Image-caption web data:
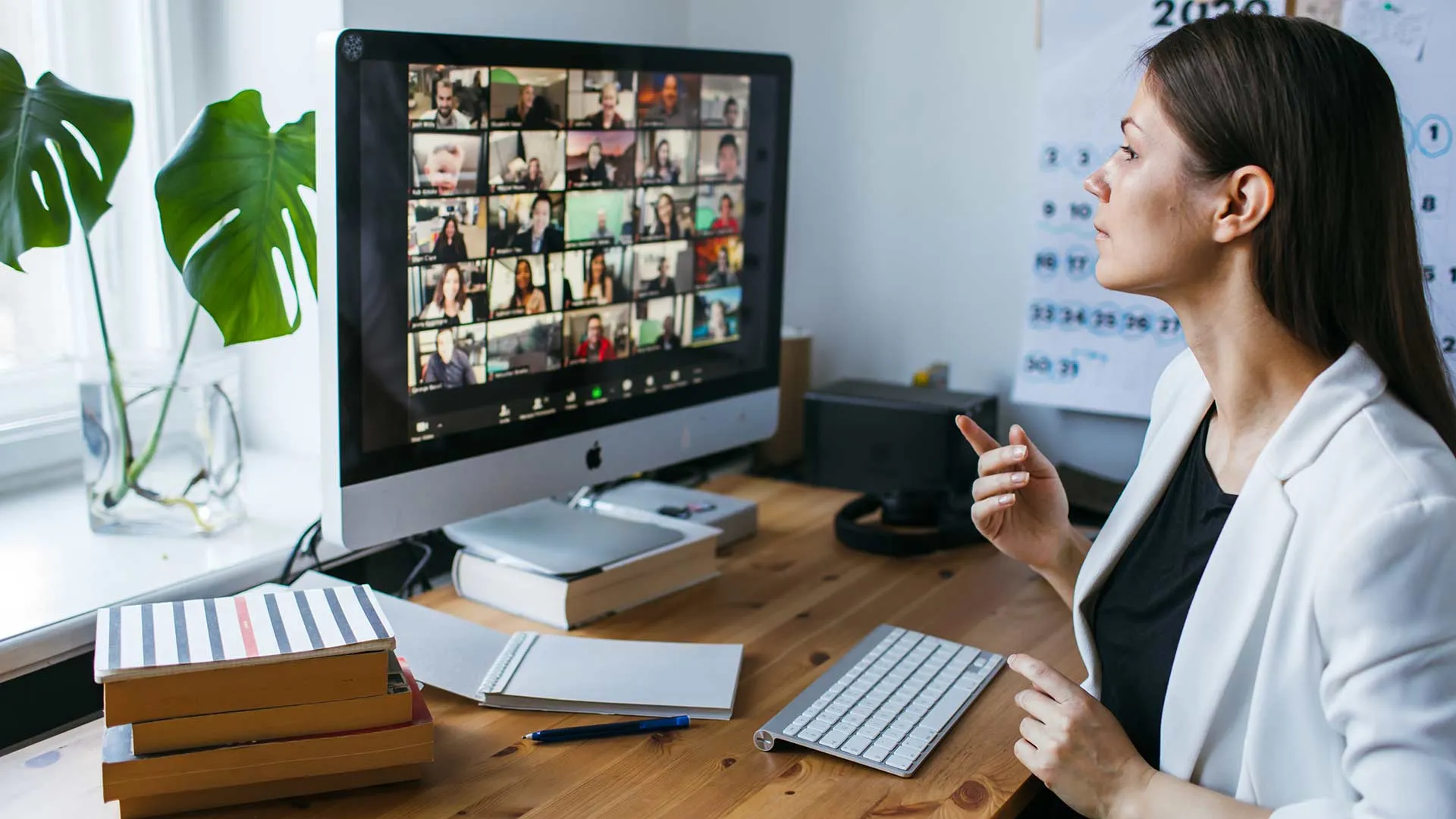 Los participantes estarán en salones virtuales con un máximo de 30 personas.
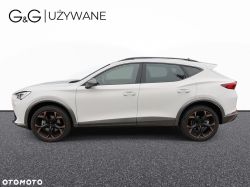 White SUV in side view on a white background, with “G&amp;G UŻYWANE” and “OTOMOTO” text.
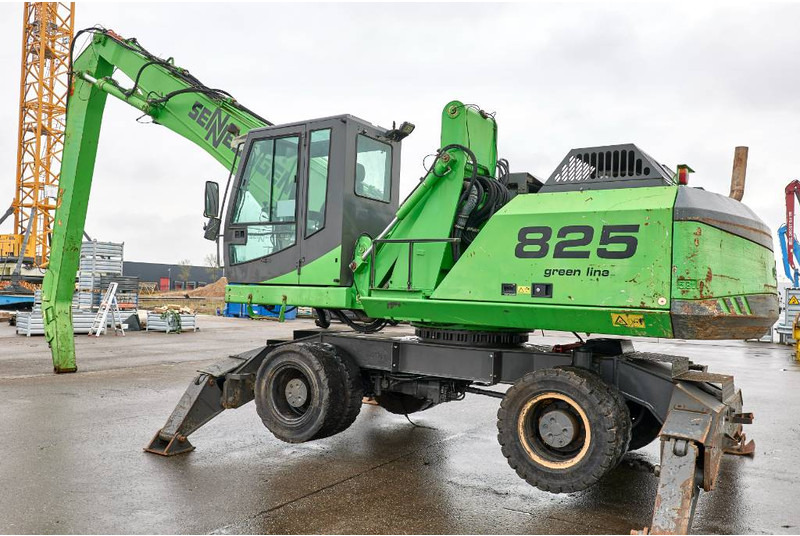 Sennebogen 825 M - Waste/ Industry handler: picture 1 Sennebogen 825 M - Waste/ Industry handler: picture 1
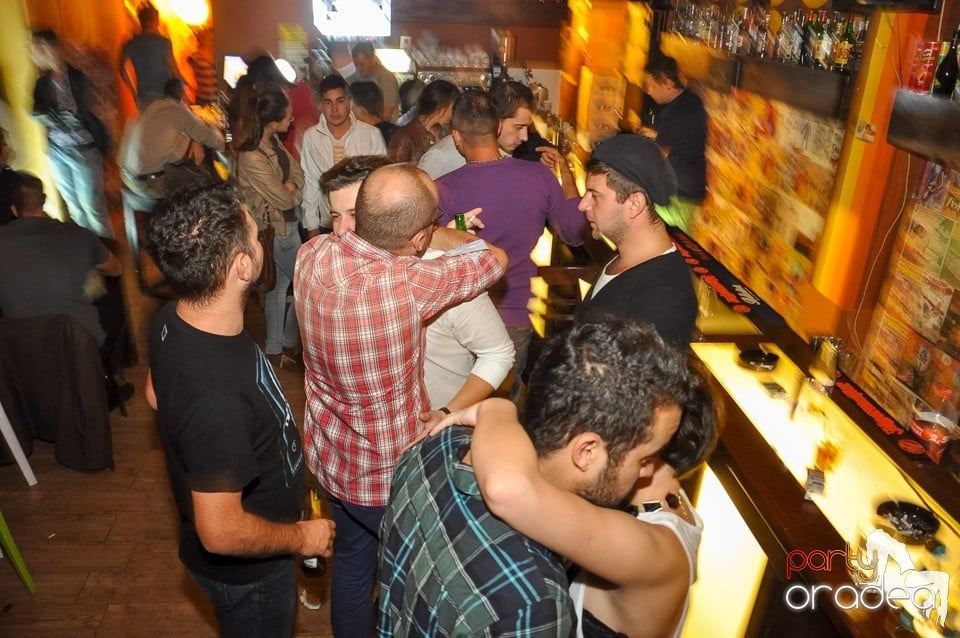 Party în Juice, Juice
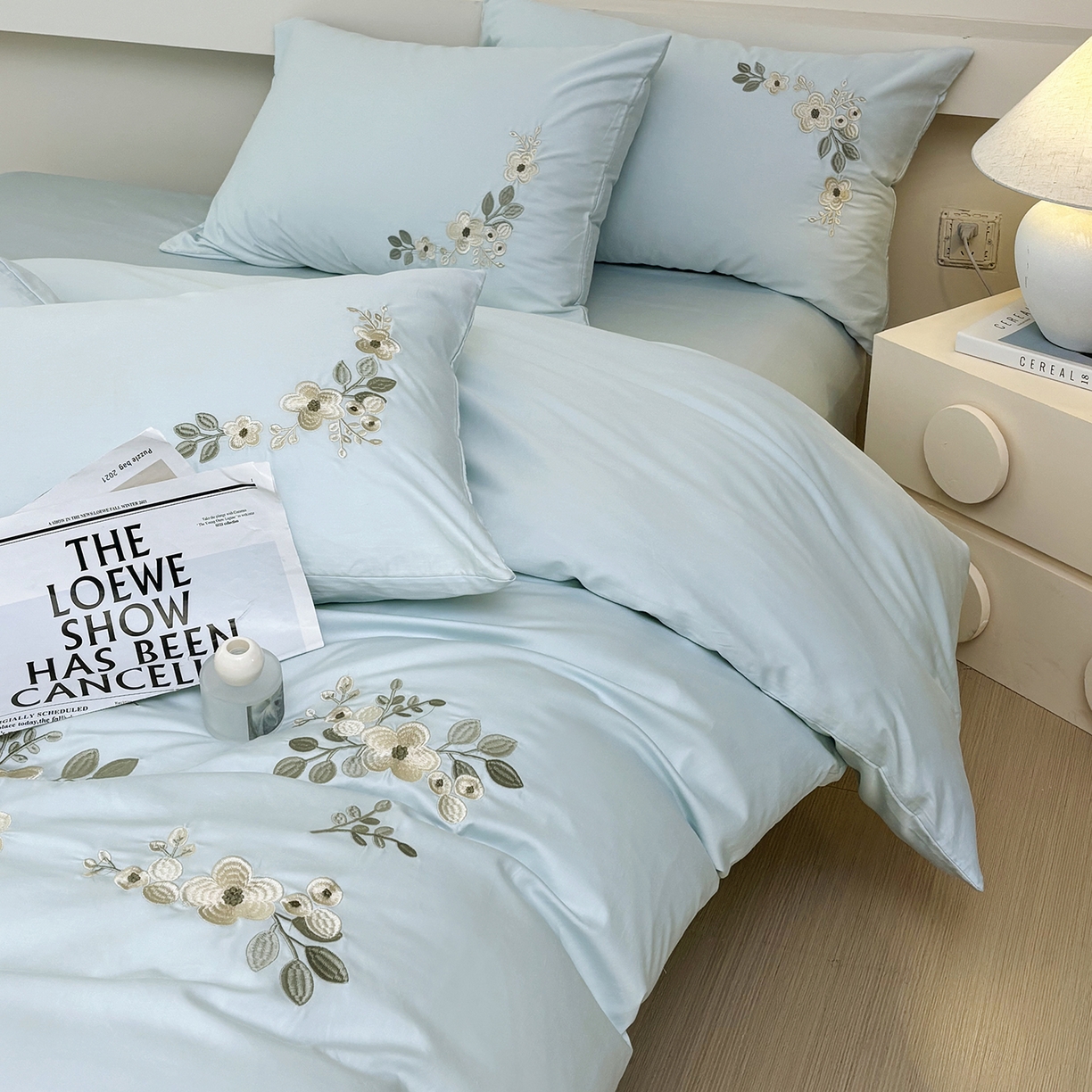 91家纺网 家纺一手货源 找家纺 合欢（原天一阁） 2026春夏新款50s双股长绒棉100支刺绣全棉纯棉四件套礼盒装 清欢-水军蓝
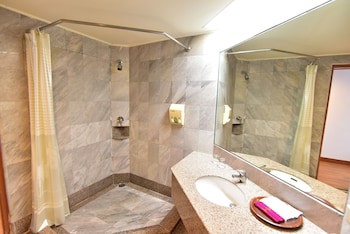 Thumrin Thana Hotel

> YOUR ASSIGNMENT
Each line from the beginning of the entries up to and including the one containing "White SUV in" must be restated exactly. Pictures are to be left out.

> YOUR SOLUTION
 Los participantes estarán en salones virtuales con un máximo de 30 personas.
 White SUV in side view on a white background, with “G&amp;G UŻYWANE” and “OTOMOTO” text.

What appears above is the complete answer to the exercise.